0
Good afternoon guys!!! I have a little problem to perform a work of a college subject. I’m picking up a ready dataset from another article that was held.
Dataset goes something like this:
3,24.3,389693,21,23,tcp,1540,-------,4,11339,16091,24780100,Switch1,Router,35.529786,35.529786,35.539909,0,328.240918,505490,1540,0.236321,0,35.519662,35.550032,1,50.02192,Normal
15,24.15,201196,23,24,tcp,1540,-------,16,6274,16092,24781700,Router,server1,20.176725,20.176725,20.186848,0,328.205808,505437,1540,0.236337,0,20.156478,20.186848,1,50.030211,Normal
24.15,15,61905,23,22,ack,55,-------,16,1930,16092,885060,Router,Switch2,7.049955,7.049955,7.059958,0,328.206042,18051.3,55,0.008441,0,7.039952,7.069962,1.030045,50.060221,UDP-Flood
24.9,9,443135,23,21,ack,55,-------,10,12670,16085,884675,Router,Switch1,39.62797,39.62797,39.637973,0,328.064183,18043.5,55,0.008437,0,39.617967,39.647976,1.030058,50.060098,Normal
24.8,8,157335,23,21,ack,55,-------,9,4901,16088,884840,Router,Switch1,16.039806,16.039806,16.04981,0,328.113525,18046.2,55,0.008438,0,16.029803,16.059813,1.030054,50.061864,Normal
24.1,1,219350,21,1,ack,55,-------,2,6837,16091,885005,Switch1,clien-1,21.885768,21.885768,21.895771,0,328.297902,18056.4,55,0.00844,0,21.865762,21.895771,1.030016,50.043427,Normal
24.13,13,480053,24,23,ack,55,-------,14,13609,16103,885665,server1,Router,42.45032,42.45032,42.460323,0,328.460278,18065.3,55,0.008446,0,42.45032,42.48033,1.030032,50.055747,Normal
It’s a dataset they made available about Ddos attacks.
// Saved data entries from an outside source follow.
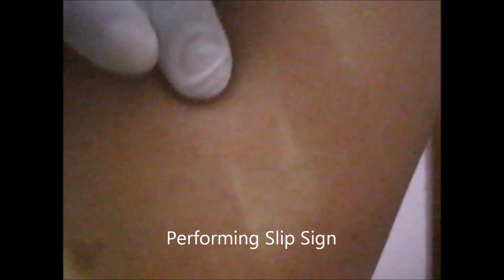The second type is the non-encapsulated type, also known as the diffuse variety of lipoma. And the third one is multiple lipoma.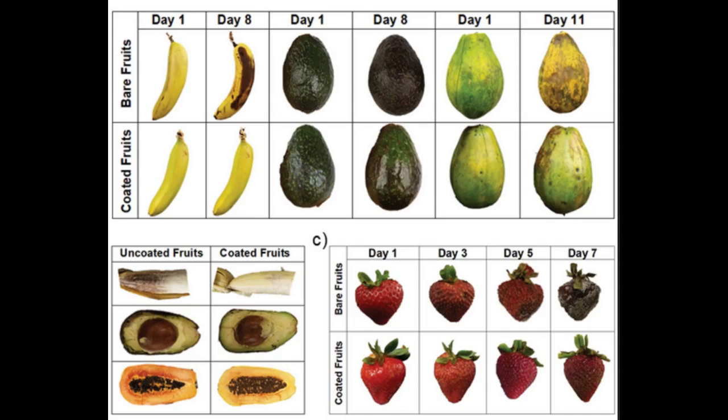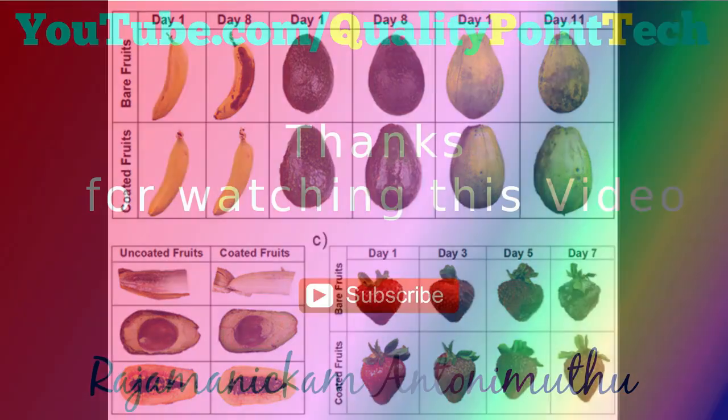Tests of the film's tensile properties showed it to be just as tough as other products, including synthetic films used in produce packaging. Further tests proved the coating to be non-toxic, and solubility tests showed that a thicker-than-usual film is washable — rinsing in water for a couple of minutes can completely disintegrate it. The researchers continue to refine the coating's composition and are considering other source materials.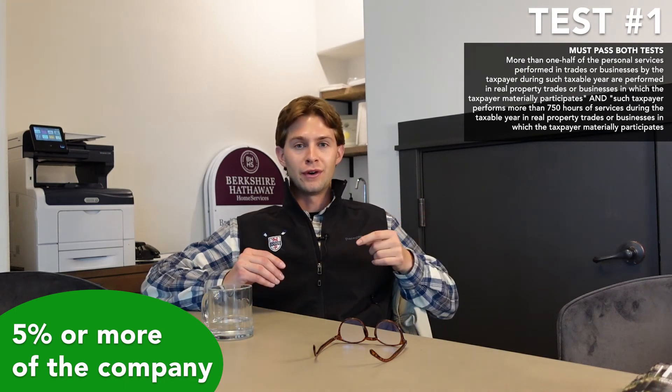So if you're a realtor or a contractor, you'll want to use an S corp or LLC for pass-through income. This will not work if you're just working for a real estate related business and you don't own any of it. Test number two to qualify as a real estate professional is that you must spend at least half of your total working time in a real property trade or business.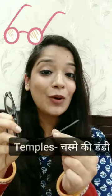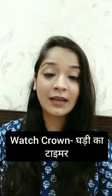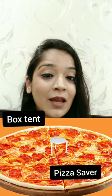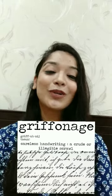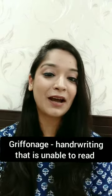We call this dandy in temples the watch crown. The last part of the shoe is called an aglet. The small table inside a pizza box is called a pizza saver or box tent. What do you call this doctor's handwriting? We call this griffonage, which is a unique handwriting name.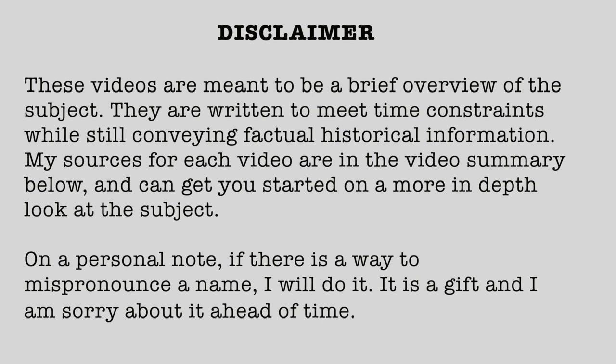Disclaimer. These videos are meant to be a brief overview of the subject. They are written to meet time constraints while still conveying factual historical information. My sources for each video are in a video summary below and can get you started on a more in-depth look at the subject. On a personal note, if there is a way to mispronounce a name, I will do it. It is a gift and I am sorry about it ahead of time.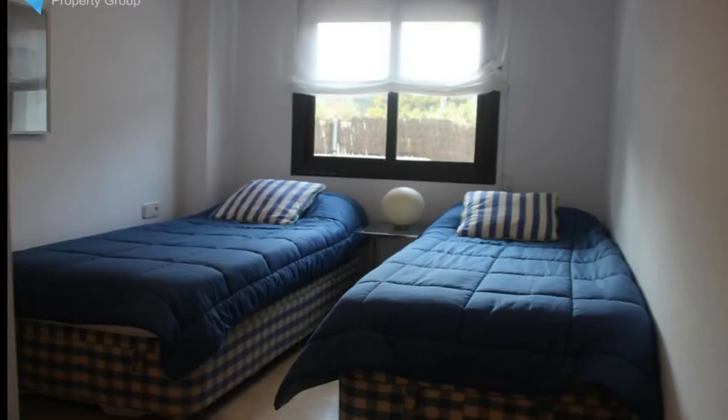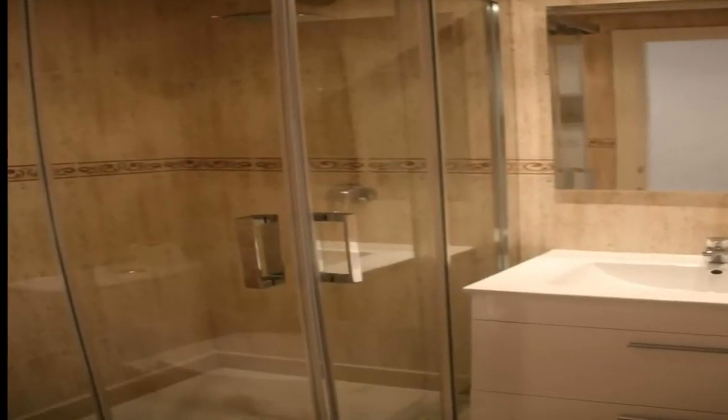Orientation: west. Condition: excellent. Pool: communal, children's pool. Climate control: air conditioning.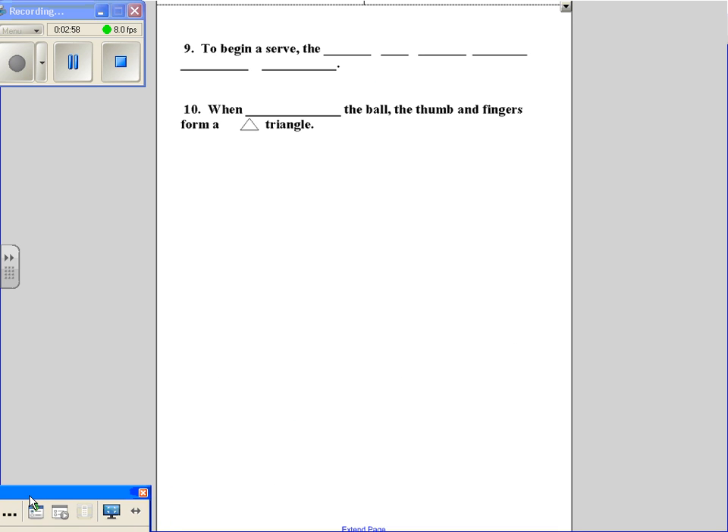Number nine: to begin a serve, what do you do with the ball? The ball is held below the waist. So to begin a serve, the ball is held below the waist.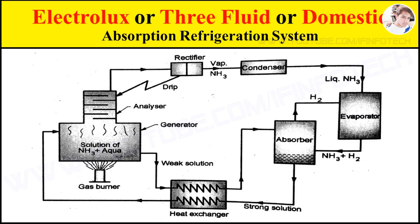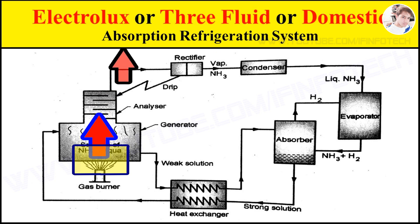Now see the working. The strong aqua ammonia solution is heated in the generator by an external source, usually a gas burner. During the heating process, aqua ammonia vapor rises up through the analyzer where dehydration of aqua takes place.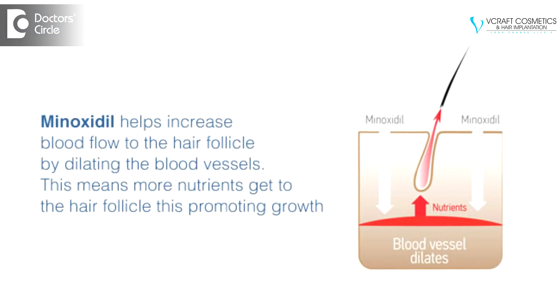The maximum benefit of minoxidil is seen when you apply it regularly for at least 5 to 6 months. If you thereafter discontinue minoxidil, hair thinning and hair loss will return within 3 months from the time you stop using it. If you decide to use minoxidil again, it will not help in regaining the hair that has already been lost. Therefore, it is best recommended that you use minoxidil on a regular basis.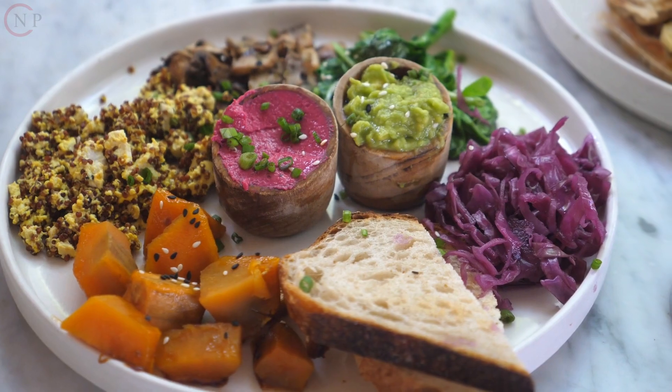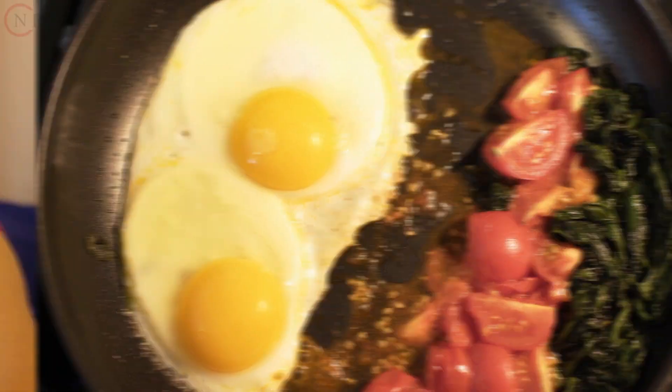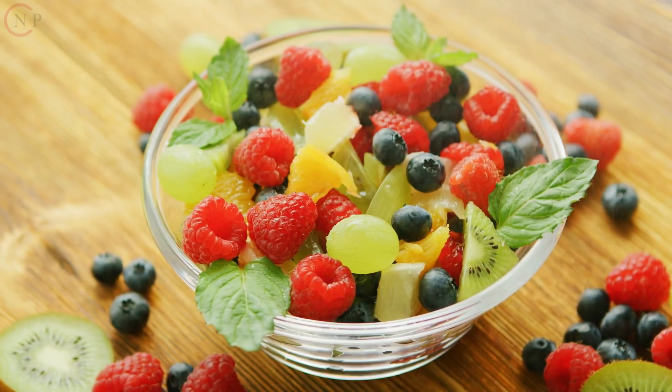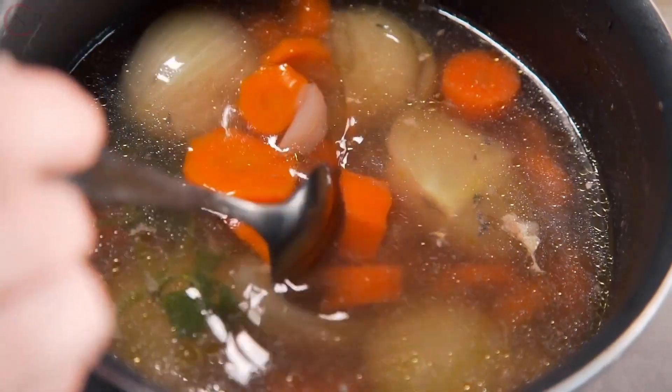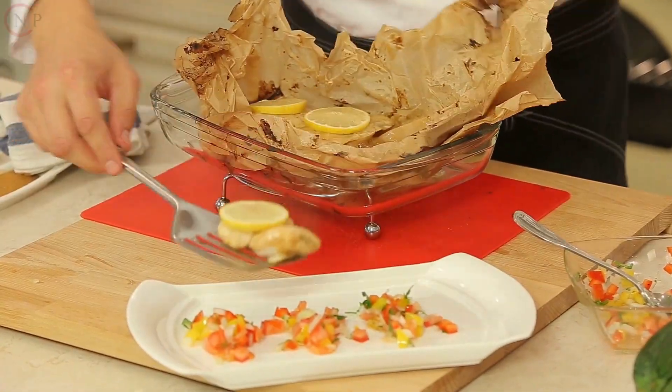Nutritional menus containing vitamin-rich foods. Breakfast: a spinach omelet with sliced tomatoes and a glass of fresh orange juice. Snack: a handful of almonds and mixed fruit. Lunch: grilled chicken salad with mixed greens, bell peppers, and lemon juice. Snack: carrot sticks with hummus. Dinner: baked salmon with steamed vegetables and quinoa on the side.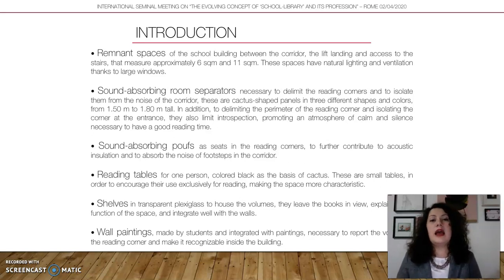At the ground floor, I also use the separator to create a privacy space for the library, because the ground floor Reading Corner is directly in front of the school entrance — people passing by would see readers, which can be disturbing for those trying to concentrate. I also use sound-absorbing poufs, a kind of chair made of the same material as the room separators, which can absorb noise from people passing in the corridor.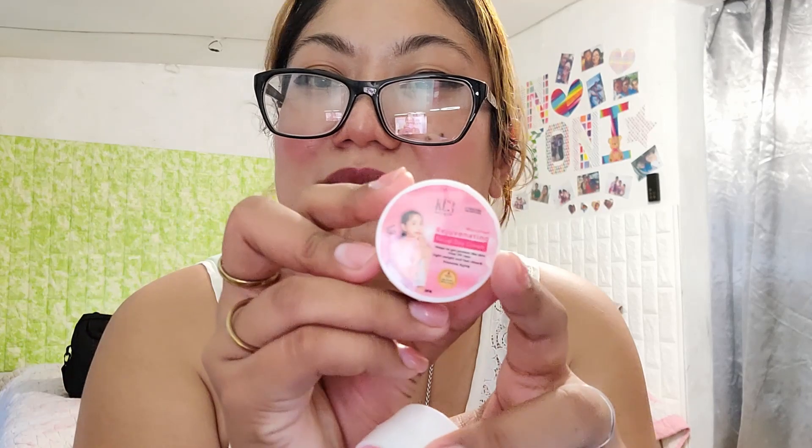The set includes the kojic soap, the toner, and then two creams: a day cream and a night cream. They kind of look alike, so you don't want to get confused. This one says 'day cream' — I don't know if you can see it — and then this one says 'night cream' right there.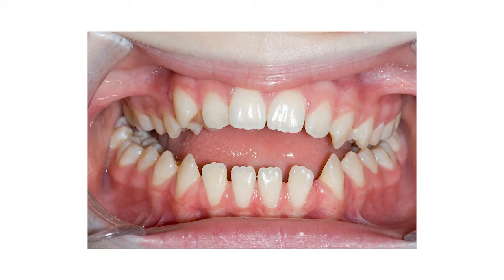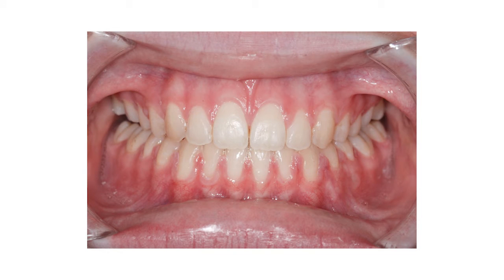Finally, mini implant anchorage has dramatically increased the orthodontic envelope. This is perhaps best exemplified by molar intrusion treatment for anterior open bite problems, which previously had to be corrected by maxillary surgery.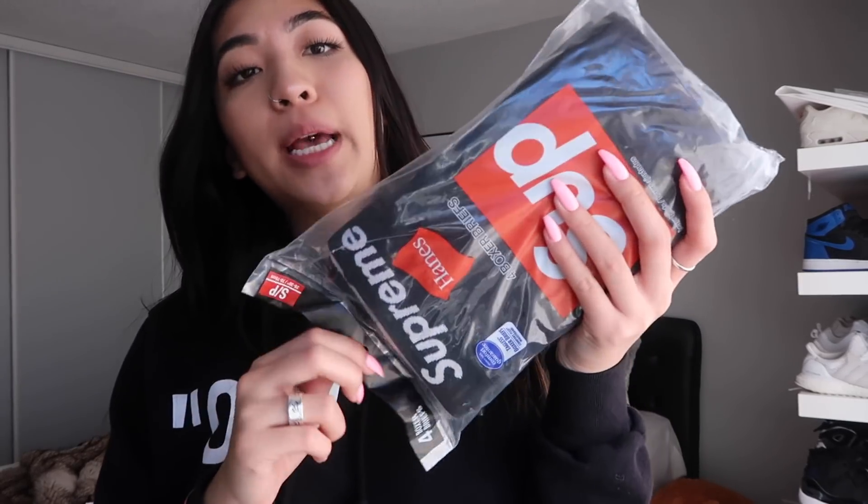Last but not least, I picked up a pack of boxers in a size small. What I'm going to do with this is make a DIY Supreme panty set. If you guys follow me on Instagram, you've seen in previous posts that I've done this before with the red boxers.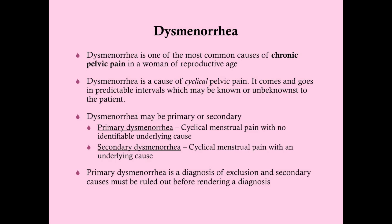Dysmenorrhea is one of the most common causes of chronic pelvic pain in a woman of reproductive age, if not the most common cause. Dysmenorrhea is an umbrella term; in this lecture we're talking about primary dysmenorrhea because there are lots of things we've already talked about — like endometriosis and fibroids — that can cause chronic cyclical pelvic pain. Endometriosis causing pain with periods is a common cause, but that's secondary dysmenorrhea. We're going to focus on primary dysmenorrhea going forward.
I will from this dataset perform the application of supervised classifiers such as Naivebayes, Randomforest and Multi Layer Perceptron (Artificial Intelligence).
The language I’m using is Python (Required) and I’m using Numpy to get the dataset. This function looks like this:
np.set_printoptions(formatter={'float': lambda x: "{0:0.10f}".format(x)})
X = np.loadtxt("datasetTrabalho.data", delimiter=",")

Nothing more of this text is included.